悲しみに暮れマンデー

 月曜、久しぶりに恋愛ドラマを見た。「今日は帰ったら絶対にドラマを見る、残業とかは絶対にしませんよ今日は」と思いながら仕事をこなしてしっかりと残業をしつつも、放送時間の30分前にはばっちりスタンバイは完了していた。こうしてドラマに向き合うのは半沢直樹以来だったと思う。

 かいつまんでドラマの内容をいうと、恋愛未経験の27歳女子が恋愛刹那主義(いいように謳っているが誰とでも寝るの意)のシェフと恋に落ちる的なあらすじだった。
 楽しみにしていた理由は主演が私の好きなアイドルで、ヒロイン(こっちが主演?)もこれまた私の好きな女優さんだったからである。

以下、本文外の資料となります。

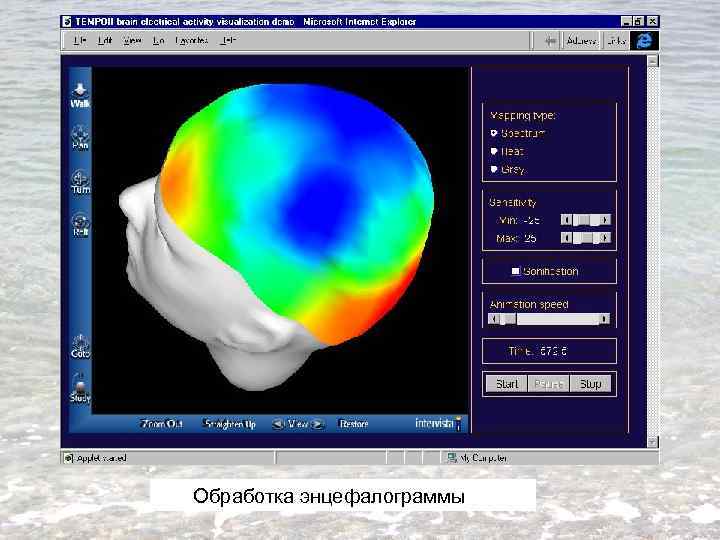 Обработка энцефалограммы 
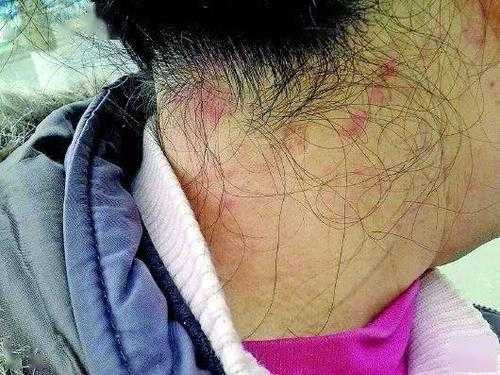 染头发过敏了怎么办（染发过敏应该怎么办）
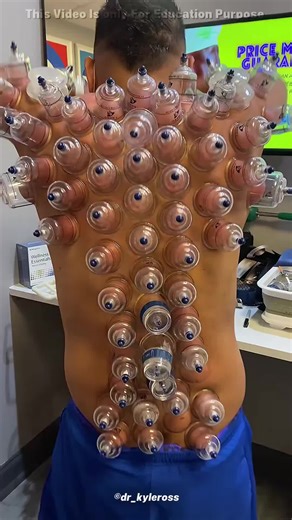 What Really Happens in Cupping Therapy 🤯 #history #historyfacts #story #insteresting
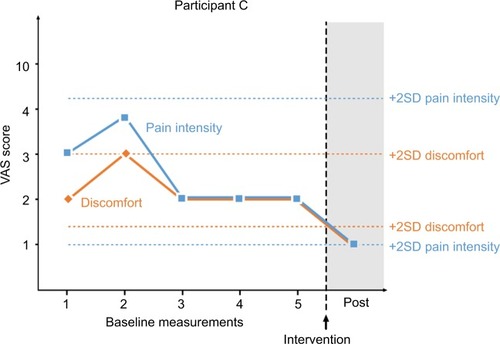 Figure 3 Participant C’s ratings of pain intensity and level of discomfort. Baseline measurements were taken at 50, 35, 20, 5 and 0 minutes prior to intervention.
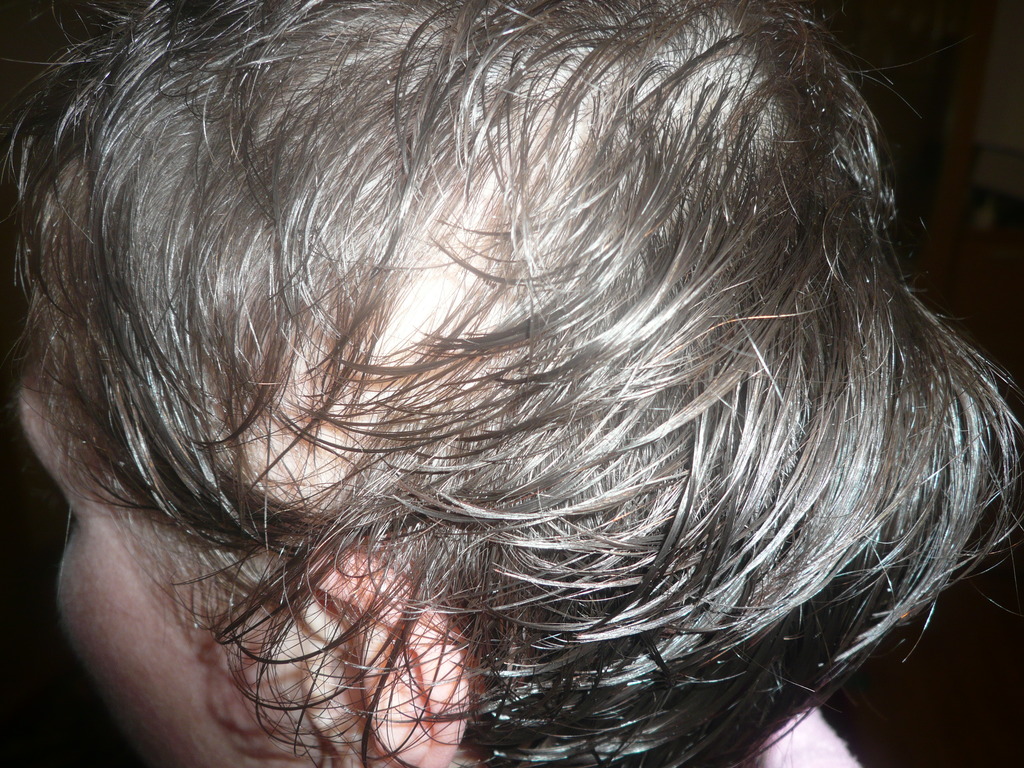 Волосы на затылке торчат. Выпадение волос после химиотерапии. После химии выпадают волосы.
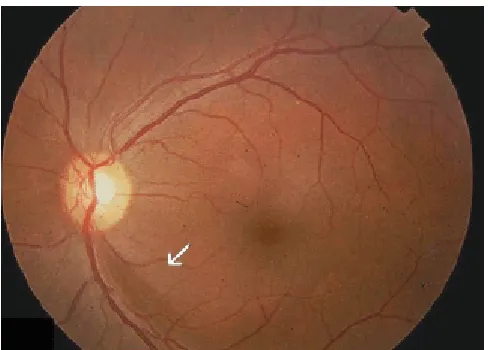 Figure 3‐Localised nerve fibre layer defect 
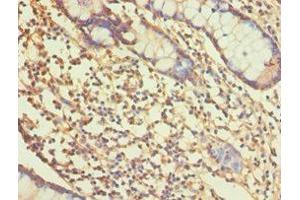 Immunohistochemistry of paraffin-embedded human small intestine tissue using ABIN7167765 at dilution of 1:100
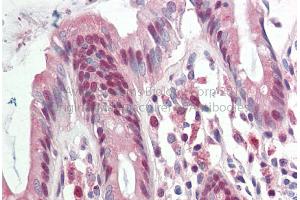 Rabbit Anti-RAD23B antibody Catalog Number: ARP56505 Formalin Fixed Paraffin Embedded Tissue: Human Adult Colon  Observed Staining: Cytoplasm in hepatocytes Primary Antibody Concentration: 1:600 Secondary Antibody: Donkey anti-Rabbit-Cy3 Secondary Antibody Concentration: 1:200 Magnification: 20X Exposure Time: 0. (RAD23B anticorps  (Middle Region))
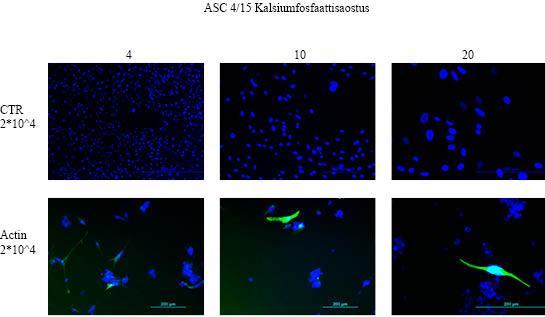 Kuva 23. Kalsiumfosfaattisaostus- menetelmällä transfektoidut hasc 4/15 linjan solut. Transfektioon käytettiin plasmidina Actin Chromobodyä. Näytteitä on 20,000 solua/kuoppa.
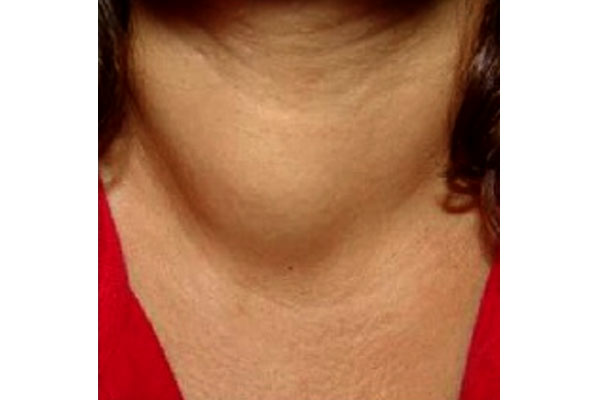 Thyroid Tumors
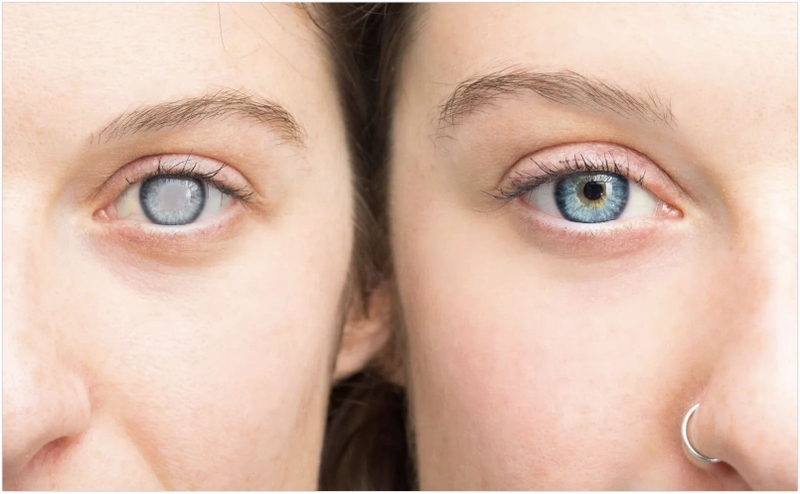 Mù ban ngày: Nguyên nhân, triệu chứng và phương pháp điều trị 2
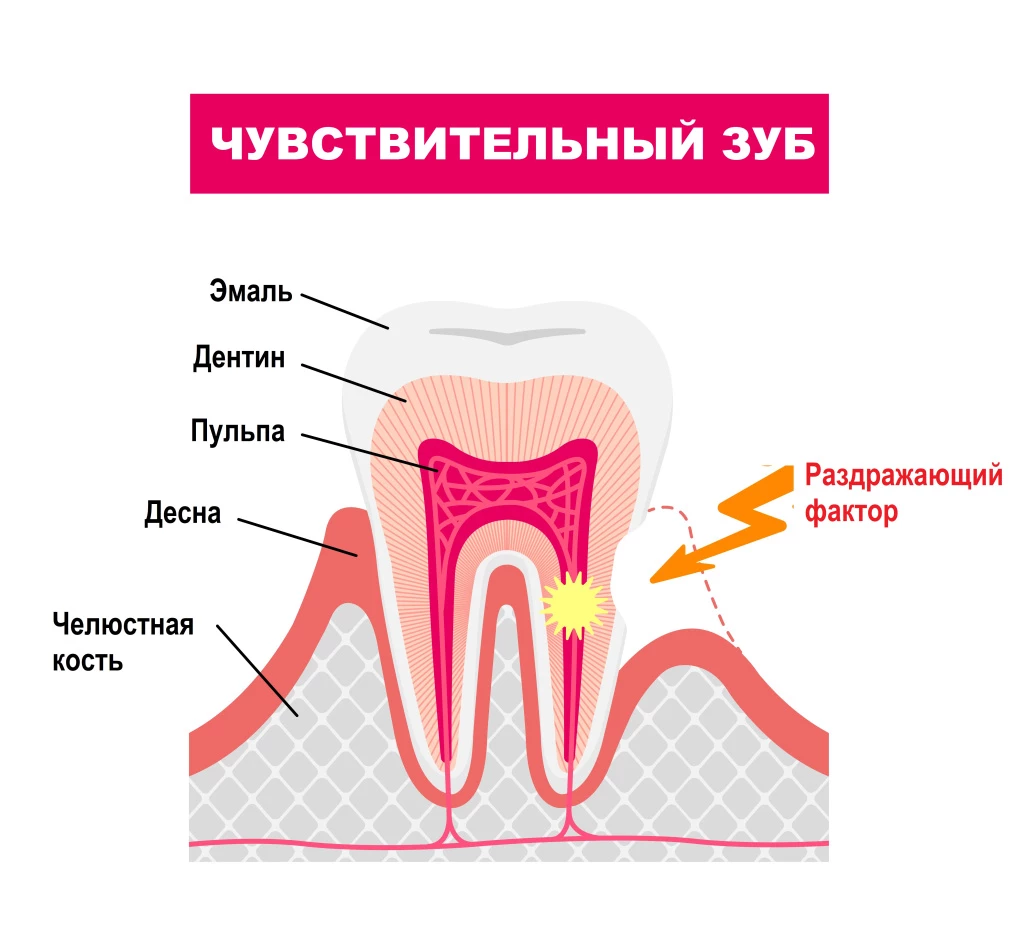 почему от сладкого болят зубы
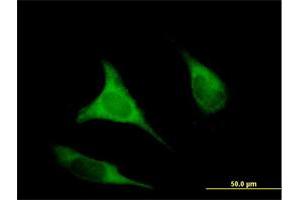 Immunofluorescence of purified MaxPab antibody to EIF2B3 on HeLa cell.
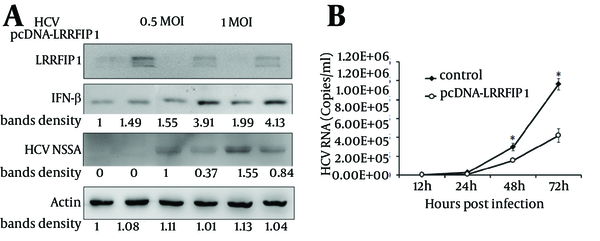 A, Huh7 cells were transfected with LRRFIP1-pcDNA or mock vector. Twenty-four hours after transfection, cells were infected with HCVcc. Protein levels of LRRFIP1, IFN-β and HCV NS5A were determined by western blotting. B, HCV RNA levels were determined by real-time PCR in Huh7 cells transfected with pcDNA-LRRFIP1 or vector control. Data were represented as Means ± SD, n = 3. (* P &lt; 0.05, compared with control).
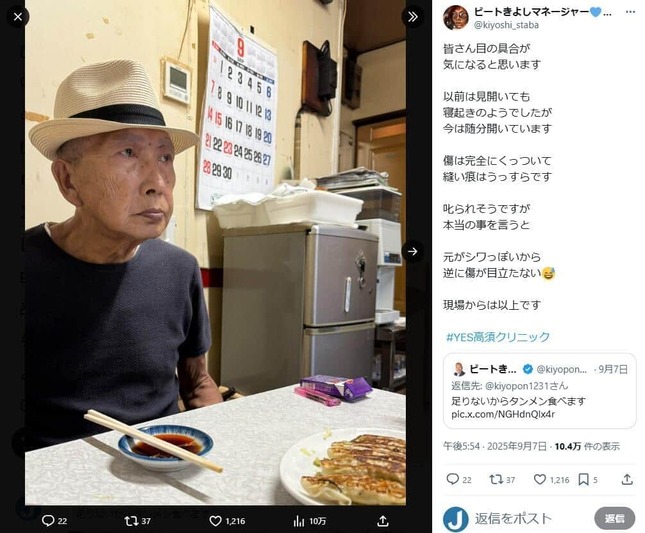 抜糸から1週間後のビートきよしさん、マネジャーのX（＠kiyoshi_staba）より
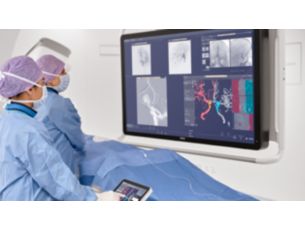 SmartCT Dual Viewer​ 3D volume comparison and fusion solution​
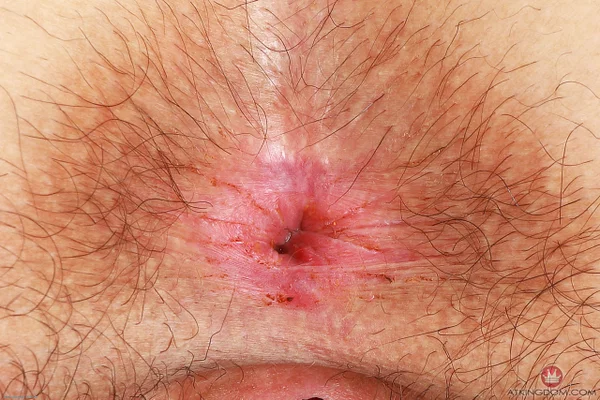 ATK Hairy performed by Gigi Naked XXX  - Hairy, Asshole, Amateur, Ass, Redhead, Close Up, Spreading, Outdoor, Panties, Pussy  - Photo 21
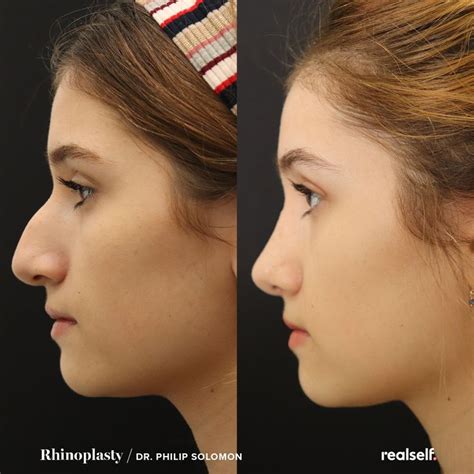 One Woman’s Rhinoplasty: Before, During, and After Nose Plastic Surgery ...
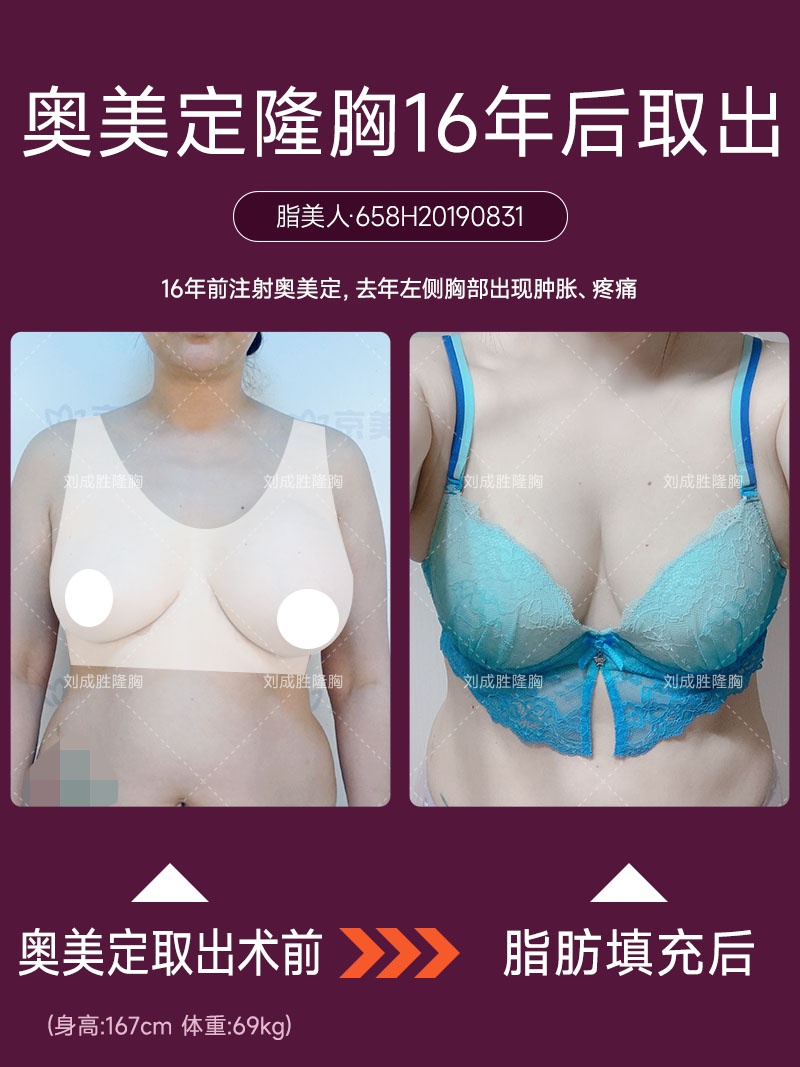 在成都哪里可以安全取出奥美定？医疗机构推荐与注意事项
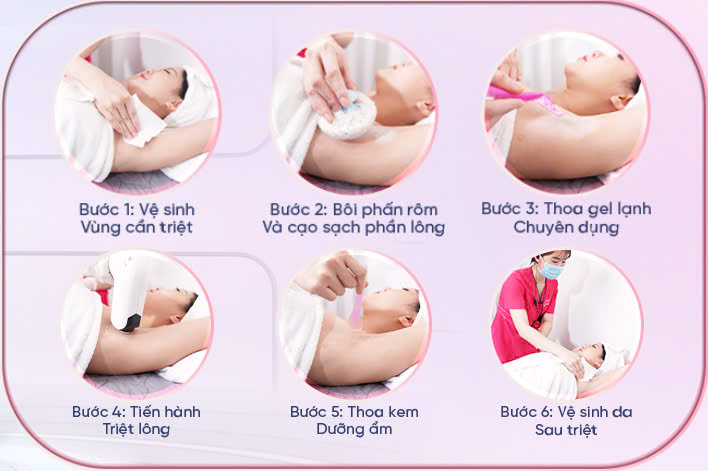 Quy trình triệt Lông tại Dưỡng Tâm An Spa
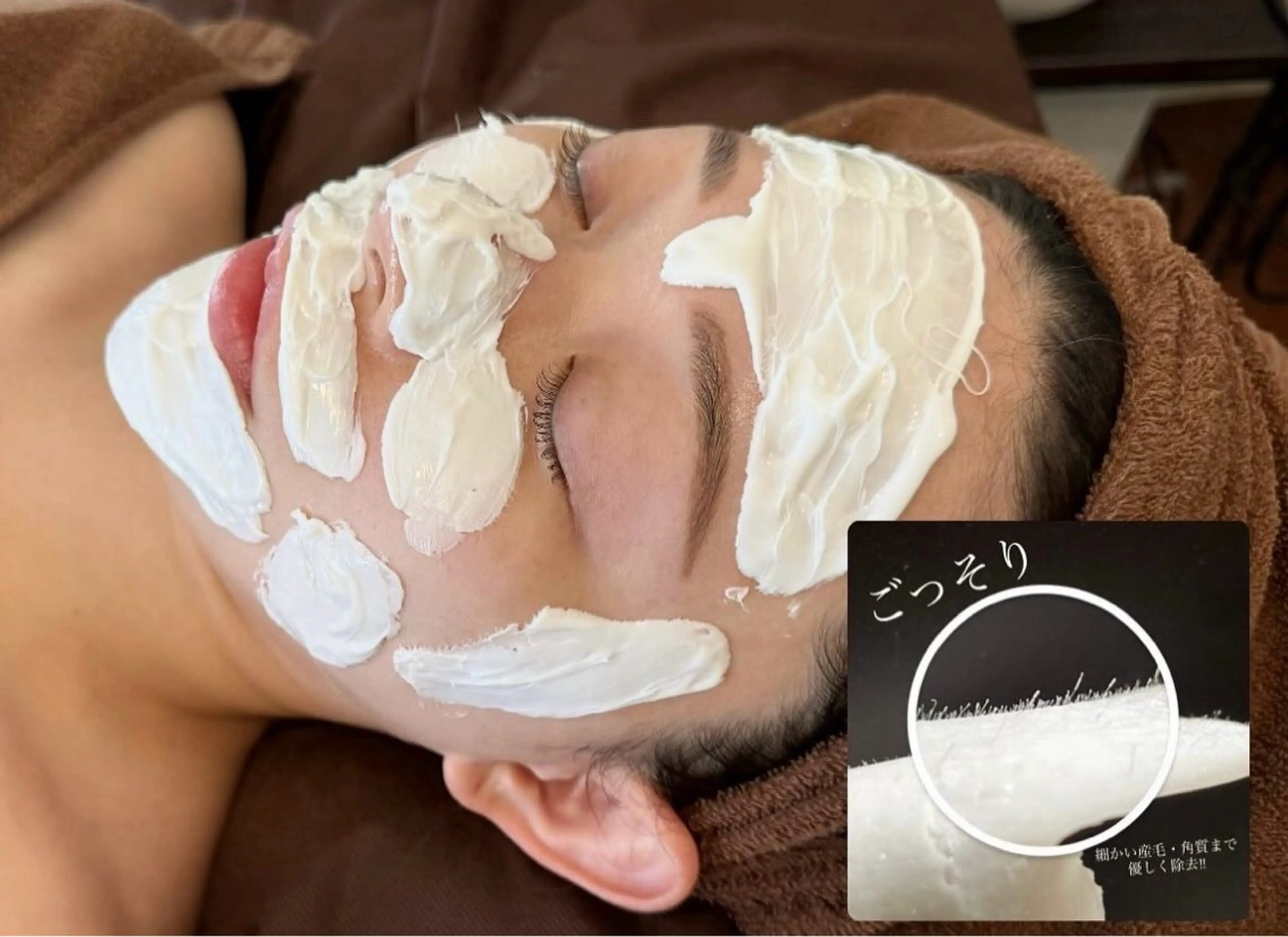 【天使の艶爆弾】艶肌Wax+高濃度美容液+エピダームパック鎮静付の写真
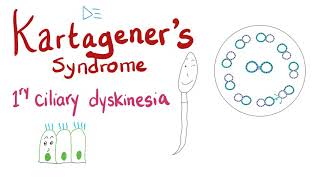 Kartageners Syndrome Immotile Cilia Syndrome or Primary Ciliary Dyskinesia  Pulmonology [upl. by Drobman]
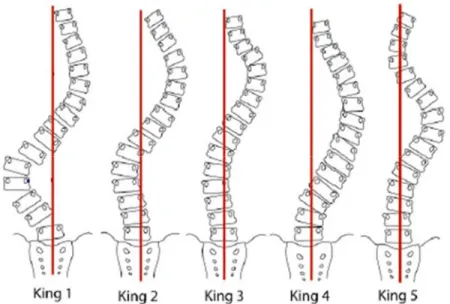 Figure 5. Divers types de courbures scoliotiques résultant de la classification de King (1983)  King 1= double courbure à lombaire prédominante; King 2= double courbure; King 3= courbure  unique thoracique droite; King 4 = courbure unique thoracolombaire; 
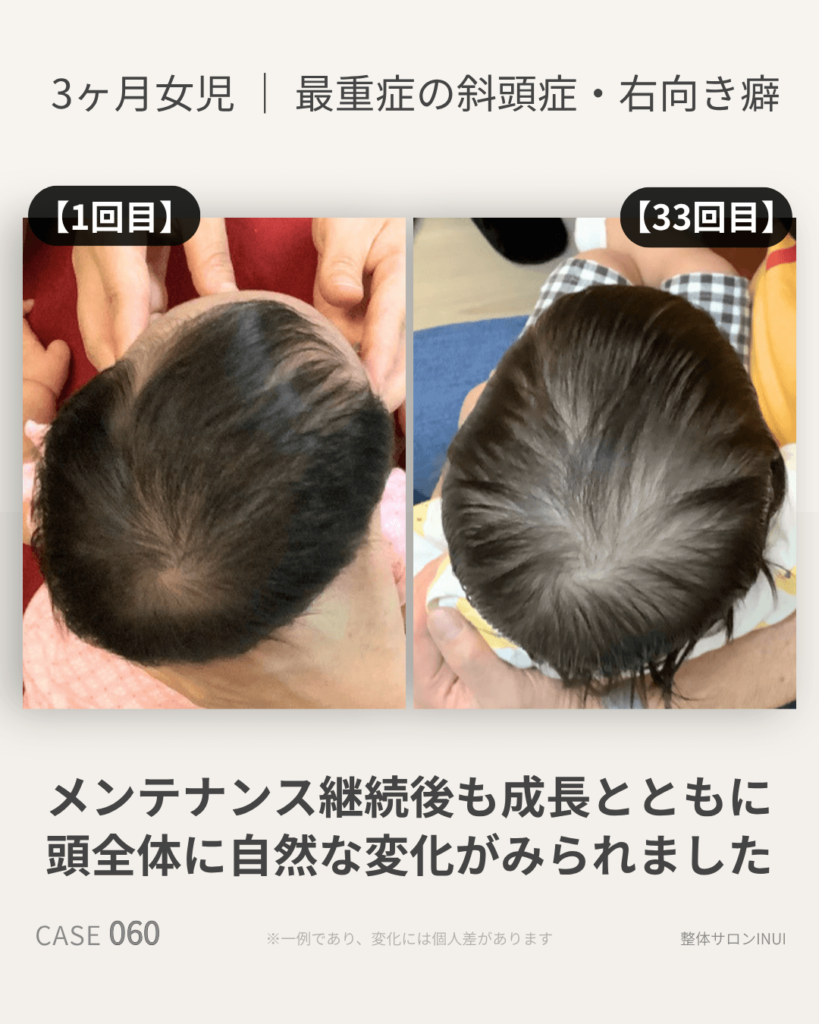 生後3ヶ月女児の斜頭症ビフォーアフター比較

私は好きなアイドルが恋愛ドラマをやるのには全然大歓迎、むしろもっとやってください派のファンなので本当に楽しみだった。
 あとは、私の顔が主演の女優さんとは似ても似つかないという点を除いて、ヒロインと共通項が多かったというのも惹かれた理由の一つだ。

 このドラマの制作が発表されてから、一日一日と待ち遠しくて、その間にも楽しいことは多くあったのだけれど、とにかく特別格段に楽しみにしていた。月曜をるんるん気分で迎えたのは、バイトと部活に追われて月曜しか一日休みがなかった大学時代以来だったと思う。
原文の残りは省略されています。